大統領専用機は奥深い渓谷に墜落していた。乗員乗客は全て死亡。爆発炎上による死体損傷が激しく、身元確認は困難を極めた。間もなく判明した不可解な事態に米国政府は慄然とする。大統領の遺体だけが発見できない。側近と共にヘインズが搭乗する姿は多くのマスコミ関係者によって視認されていた。専用機は、墜落するまで一度も着陸していない。さらに混乱する要因があった。身元不明の死体。ちょうど大統領専用室の残骸付近で見つかった。だが、搭乗名簿に記載は無く、どこの誰かも判らない。大統領でなければ、この男はいったい何者なのか。そもそも、大統領はどこに消えてしまったのか。
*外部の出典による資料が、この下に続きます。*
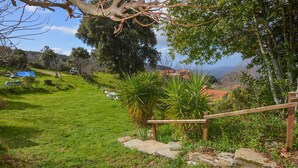 A lush garden with a wooden staircase leading up to a deck, surrounded by greenery and a view of distant hills. - 2 bedroom nice (sta)caravan in CASALABRIVA (CASALABRIVA)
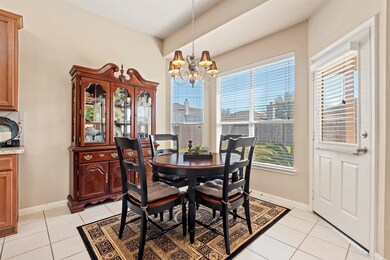 What a perfect spot for dining.  The partial bay window provides an unobstructed view to the outdoor space.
 読者を引き込む魅惑的な謎をいかに創り出すか。序盤での作家の腕の見せ所だ。当然、アイデアがどれだけ驚天動地のものであろうと、辿り着いた真相が荒唐無稽であれば、駄作の烙印を押されるのは必至だ。いかに違和感なく、しかも予想を遙かに超える解明に導くか。本作は、その稀な成功例のひとつといえる。全編に横溢する濃密なスリル、冒頭で広げた大風呂敷を綺麗に畳み込む謎解きの妙、数多い登場人物を一人も無駄にすることなく造型する技倆。何よりも、大胆且つ切れ味の鋭いプロット。つまり、実に完成度の高い傑作なのである。

物語は、主に二つの視点で展開する。ひとつは、米国政府内部の動き。大統領ヘインズは、不穏な国際情勢の真っ只中で新たな戦争に突入しかねない瀬戸際に立たされていた。台頭する中国の脅威。どう動くか読めないソ連の思惑。核戦争勃発寸前という未曾有の危機。そんな中で、国家の最高責任者の生死が不明なまま、権力欲だけは一人前の凡庸な副大統領が代行する役目を担う。この男が慢心して暴走する結果となるのは明らかだった。

もうひとつは、消えた大統領の謎を独自に探り始めた通信社IPSの動き。事故直前までのヘインズの行動を掘り起こし、事件の内幕に徐々に迫っていく。このパートこそ、本作の読みどころとなる。作者サーリングは元UPI通信社の航空担当記者で、培った経験と専門知識を存分に発揮し、敏腕記者らの生彩溢れる奮闘ぶりをリアリティ豊かに描き出している。彼らは地道に関係者にあたって事実を拾い集め、矛盾に着目し、嘘と真実を見極め、パズルのピースを嵌めていく。前代未聞の大スクープ。それは、徐々に形になり始めていた。

特に主人公を設けていないのだが、怒濤の勢いで進行するストーリーは、時に迫真のドキュメントタッチで緊張感を煽り、時に記者らの仕事に懸ける情熱を活写して物語に厚みを加え、クライマックスまで疾走する。終盤近くまで、消えた大統領の謎が解明されないという構成も凄い。遂に明かされる全貌。その鮮やかな手並み。ミステリの真髄が、ここにある。